(Updates with comments from justices starting in fourth paragraph.)
Jan. 9 (Bloomberg) -- U.S. Supreme Court justices voiced concern that the Environmental Protection Agency is overreaching in enforcing federal statutes, signaling that they may blunt a favorite agency enforcement tool.
Hearing arguments today in a case involving an Idaho couple seeking to build a new home, the justices suggested they are likely to rule that people accused by federal regulators of violating environmental laws have a right to immediately take their case to a federal judge.
The case, which has with ramifications for energy companies and manufacturers, may weaken the EPA’s so-called administrative compliance orders. The agency issues as many as 3,000 such orders each year to businesses and individuals, demanding an end to alleged environmental violations and applying so much pressure that those accused typically give in before the agency has to justify the action before a judge.
“Don’t you think most ordinary homeowners would say this kind of thing can’t happen in the United States?” Justice Samuel Alito asked at today’s hearing.
The fight involves a 0.63-acre property near the banks of Priest Lake in northern Idaho. In 2007 Chantell and Michael Sackett had begun preparing the land to build a three-bedroom home, when EPA officials ordered work to halt.
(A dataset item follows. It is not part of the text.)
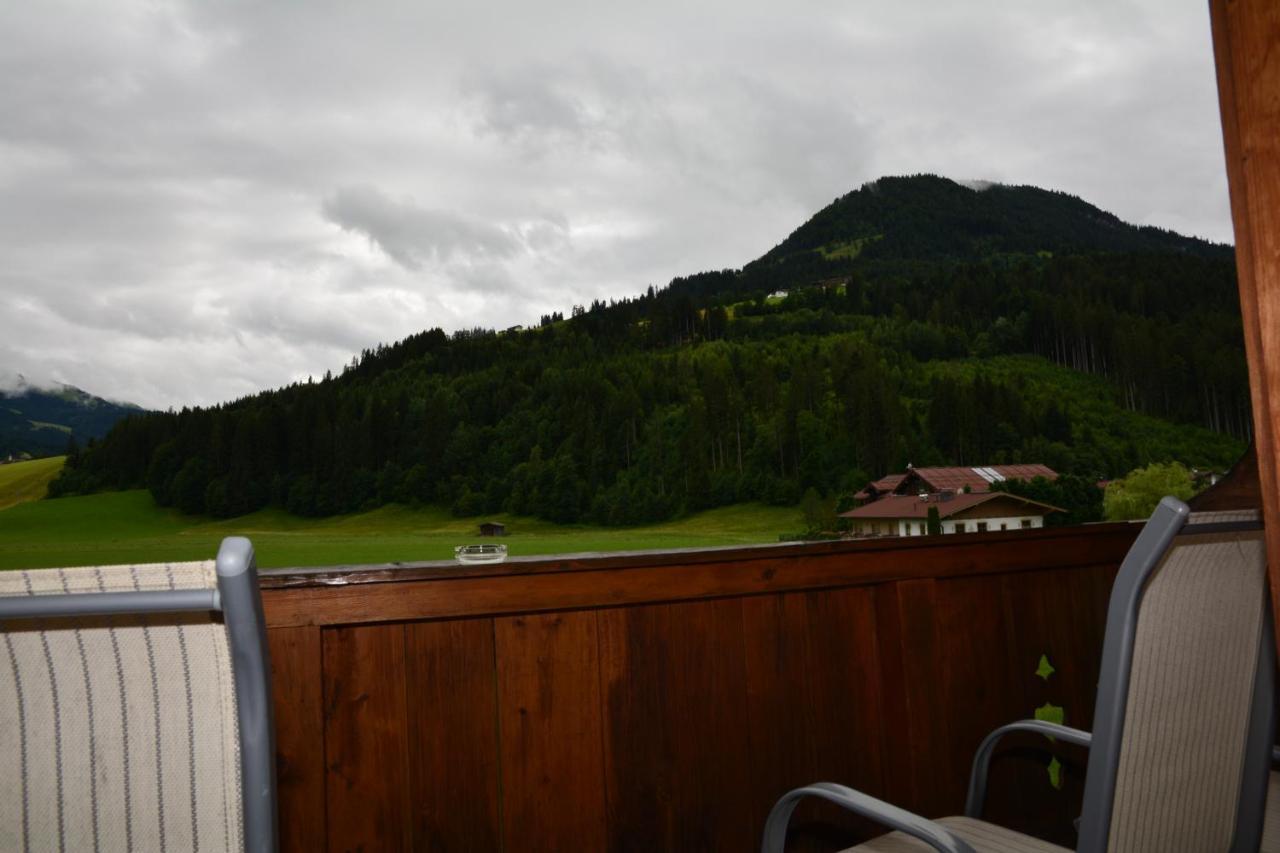 Apartmán Apart Sonne Kirchberg in Tirol Exteriér fotografie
The agency said that the property was a wetland and that the Sacketts couldn’t build without obtaining a permit under the Clean Water Act.
The EPA then ordered the Sacketts to restore the land by removing piles of fill material and replanting the vegetation they had cleared. The written order threatened the couple with fines of as much as $32,500 a day.
The Sacketts contend they have a constitutional right to seek judicial review of that administrative compliance order right away. A federal appeals court said the couple had to wait until regulators sought to enforce the order by asking a federal court to impose a fine.
The Obama administration and the EPA argue that the couple has ample avenues short of going to court for contesting the order without risking fines. Among other options, the Sacketts could apply for a permit, the government said.
Justices from across the ideological spectrum today questioned the adequacy of those options and the government’s contention that Congress didn’t authorize judicial review of administrative compliance orders. Justice Elena Kagan called the government’s reasoning “very strange.”
‘75 Years of Practice’
“Why would the presumption of reviewability not apply?” Kagan asked.
Justice Stephen Breyer, perhaps the court’s staunchest defender of the powers of administrative agencies, said the government “is fighting 75 years of practice” with its argument.
The Sacketts say a permit application would potentially cost hundreds of thousands of dollars. An environmental group, the Natural Resources Defense Council, disputes that contention, saying the Sacketts might be able to get an after-the-fact permit for as little as $2,000.
General Electric Co. is supporting the Sacketts as are business groups, including the Chamber of Commerce and the American Petroleum Institute.
GE last year unsuccessfully sought Supreme Court review of a similar provision in the federal Superfund law. Depending on how broadly the high court rules in the Clean Water Act case, its decision might affect the EPA’s power under the Superfund law as well.
The case is Sackett v. EPA, 10-1062.